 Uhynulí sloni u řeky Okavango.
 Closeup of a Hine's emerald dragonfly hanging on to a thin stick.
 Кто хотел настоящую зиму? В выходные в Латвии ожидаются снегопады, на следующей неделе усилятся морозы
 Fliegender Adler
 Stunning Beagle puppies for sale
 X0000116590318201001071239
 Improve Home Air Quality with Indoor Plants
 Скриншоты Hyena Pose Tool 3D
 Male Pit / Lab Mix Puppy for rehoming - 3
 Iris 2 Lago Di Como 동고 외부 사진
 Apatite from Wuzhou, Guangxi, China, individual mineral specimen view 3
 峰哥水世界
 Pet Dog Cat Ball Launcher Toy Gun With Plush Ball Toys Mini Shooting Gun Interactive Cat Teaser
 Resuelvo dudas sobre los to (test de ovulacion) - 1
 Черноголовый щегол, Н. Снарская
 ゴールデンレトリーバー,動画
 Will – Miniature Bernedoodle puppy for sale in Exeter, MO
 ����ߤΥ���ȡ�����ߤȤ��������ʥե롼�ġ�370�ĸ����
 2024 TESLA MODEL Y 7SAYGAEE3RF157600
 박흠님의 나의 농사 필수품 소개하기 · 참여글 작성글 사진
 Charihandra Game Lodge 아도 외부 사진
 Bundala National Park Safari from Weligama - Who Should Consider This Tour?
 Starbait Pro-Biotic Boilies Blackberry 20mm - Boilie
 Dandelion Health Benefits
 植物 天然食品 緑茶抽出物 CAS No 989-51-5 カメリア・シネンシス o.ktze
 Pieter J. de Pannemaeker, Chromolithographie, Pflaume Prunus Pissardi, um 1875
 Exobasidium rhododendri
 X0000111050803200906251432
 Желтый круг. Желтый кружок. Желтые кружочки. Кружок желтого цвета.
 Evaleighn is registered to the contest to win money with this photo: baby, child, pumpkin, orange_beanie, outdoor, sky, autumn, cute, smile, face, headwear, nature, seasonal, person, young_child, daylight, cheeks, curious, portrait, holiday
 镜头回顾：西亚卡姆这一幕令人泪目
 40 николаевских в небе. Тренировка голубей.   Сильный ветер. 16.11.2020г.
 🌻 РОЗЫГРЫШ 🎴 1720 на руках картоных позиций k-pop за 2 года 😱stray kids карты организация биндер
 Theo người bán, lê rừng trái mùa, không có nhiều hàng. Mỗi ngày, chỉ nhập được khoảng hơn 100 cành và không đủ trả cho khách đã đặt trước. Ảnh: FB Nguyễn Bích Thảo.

• [What the task asks] When you find a line in the records that contains the word "from", copy it.

• [Response]
 Apatite from Wuzhou, Guangxi, China, individual mineral specimen view 3
 Bundala National Park Safari from Weligama - Who Should Consider This Tour?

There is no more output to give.